The Barber of Seville

Gioachino Rossini, Libretto by Cesare Sternbini
Glyndebourne Opera House
Glyndebourne Opera House

The Cast of The Barber of Seville Credit: Bill Cooper
The Cast of The Barber of Seville Credit: Bill Cooper

Gioachino Rossini was a wit on and off-stage. “Give me a laundry list,” he boasted, “and I will set it to music.” The Barber of Seville, with its virtuoso exuberant score, bravura solo arias and intricate ensembles, is the greatest of all buffa operas. The act 1 (“My heart is in a whirlwind”) finale is irresistible.

Beaumarchais would have been delighted by Rossini’s worldwide success. His play on which the opera is based, and which had its première forty years earlier in 1775, had begun as a draft opera-comique.

This performance, directed by Annabel Arden and designed by Joanna Parker, which can be seen online, was filmed live at Glyndebourne in 2016. Enrique Mazzola conducts the London Philharmonic Orchestra.

Rosina (Danielle de Niese), with the help of a quick-witted, long-haired hippie barber (Björn Bürger), manages to escape the clutches of her guardian (Alessandro Corbelli). De Niesee is vivacious. Burger is a charismatic charmer. Corbelli is an excellent comedian.

A high spot is Basilio (Christophoros Stamboglis in cassock) describing how a libellous rumour grows into a monstrous unbridled storm and humiliates and destroys its victim.

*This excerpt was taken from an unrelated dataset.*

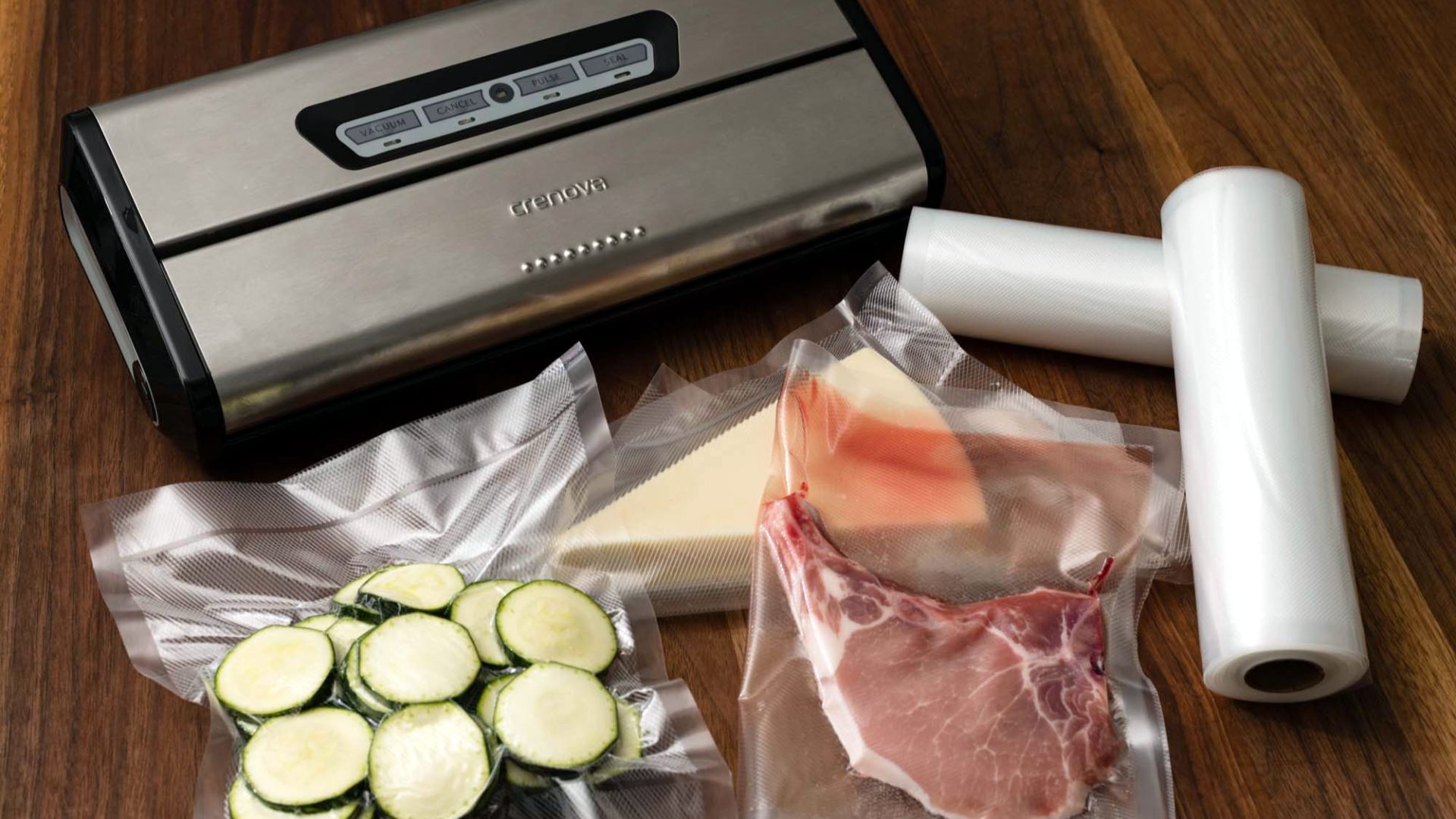 File:Vacuum sealer with food sealed on wooden table and rolls of plastic for sealing.jpg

Singers and orchestra are fine. The production, however, is often a major distraction. The surreal set has no reality and the costumes have not one set period. Taylor Stayton’s Almaviva wears an off-putting metallic frock coat. He looks far more convincing as Almaviva when he is in disguise as a drunken soldier and priest.

There is too much irrelevant, unfunny comic business. The singers, even whilst they are singing, heaven help them, are regular upstaged by three mime actors who, in commedia dell’arte fashion, hang around and regularly move a harpsichord on and off and around the stage to no purpose and no laughs.

Corbelli has the best nouvelle blague when Bartolo, fast asleep at the harpsichord, is woken by the applause de Niese is getting for her singing and presumes the applause is for him and takes a bow, the ultimate breaking of the fourth wall.